> [What you should do]: Begin the copy at the line containing "Đại tướng Phan" in the data below and end it at the line containing "bunnythetailor online show", keeping each line exact and leaving out pictures.

> [Available data]:
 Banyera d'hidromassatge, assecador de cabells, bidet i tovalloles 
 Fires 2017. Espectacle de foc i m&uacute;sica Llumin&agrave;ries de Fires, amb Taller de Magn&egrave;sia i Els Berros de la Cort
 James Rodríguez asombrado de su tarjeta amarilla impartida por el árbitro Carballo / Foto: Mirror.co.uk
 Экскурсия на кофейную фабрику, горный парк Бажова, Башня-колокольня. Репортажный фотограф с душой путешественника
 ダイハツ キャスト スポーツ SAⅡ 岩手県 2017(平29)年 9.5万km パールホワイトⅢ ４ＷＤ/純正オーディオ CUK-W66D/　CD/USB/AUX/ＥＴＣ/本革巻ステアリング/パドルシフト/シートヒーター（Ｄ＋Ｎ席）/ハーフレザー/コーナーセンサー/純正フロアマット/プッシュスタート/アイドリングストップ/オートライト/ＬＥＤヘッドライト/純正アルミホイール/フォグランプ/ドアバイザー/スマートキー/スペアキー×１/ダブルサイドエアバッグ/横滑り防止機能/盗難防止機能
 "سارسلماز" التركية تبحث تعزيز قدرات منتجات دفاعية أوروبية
==
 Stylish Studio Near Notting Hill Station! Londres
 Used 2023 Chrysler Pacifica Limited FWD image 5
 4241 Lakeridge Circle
---
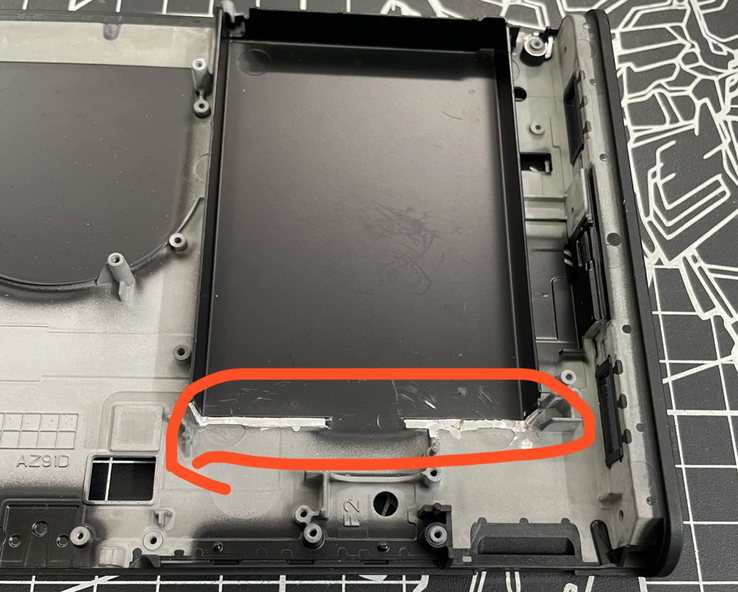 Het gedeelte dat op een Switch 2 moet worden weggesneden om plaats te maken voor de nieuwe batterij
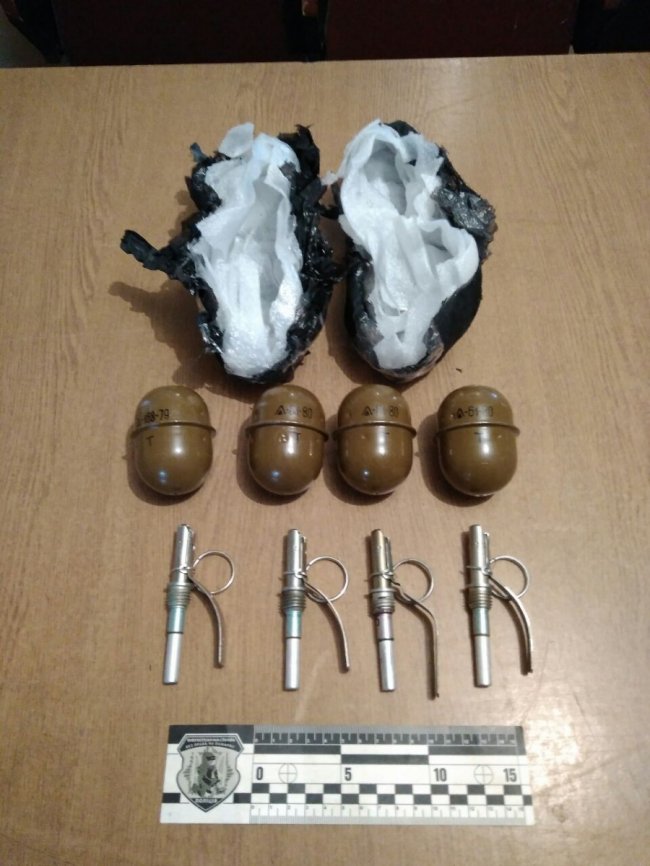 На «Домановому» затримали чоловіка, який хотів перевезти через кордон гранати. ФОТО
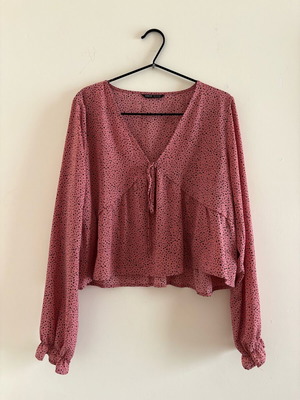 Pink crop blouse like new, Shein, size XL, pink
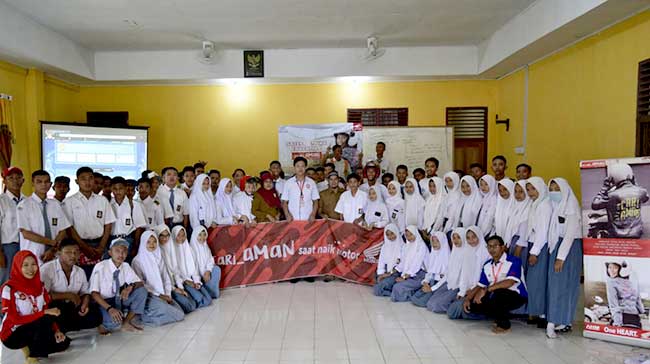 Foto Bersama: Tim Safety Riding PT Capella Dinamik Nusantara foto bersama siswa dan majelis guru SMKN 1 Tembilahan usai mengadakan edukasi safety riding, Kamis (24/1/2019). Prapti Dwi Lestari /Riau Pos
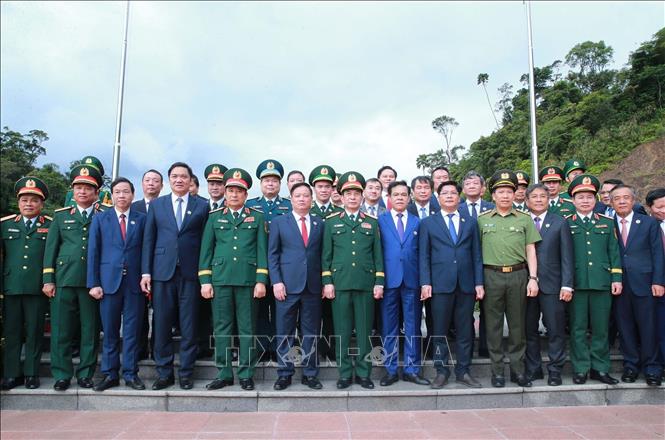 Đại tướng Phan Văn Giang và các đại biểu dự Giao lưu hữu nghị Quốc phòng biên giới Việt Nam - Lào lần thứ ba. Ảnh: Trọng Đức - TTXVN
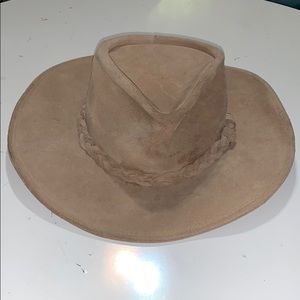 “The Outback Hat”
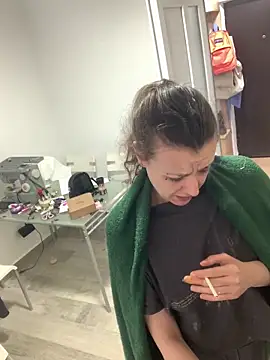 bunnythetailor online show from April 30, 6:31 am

> [Answer to this exercise]:
 Đại tướng Phan Văn Giang và các đại biểu dự Giao lưu hữu nghị Quốc phòng biên giới Việt Nam - Lào lần thứ ba. Ảnh: Trọng Đức - TTXVN
 “The Outback Hat”
 bunnythetailor online show from April 30, 6:31 am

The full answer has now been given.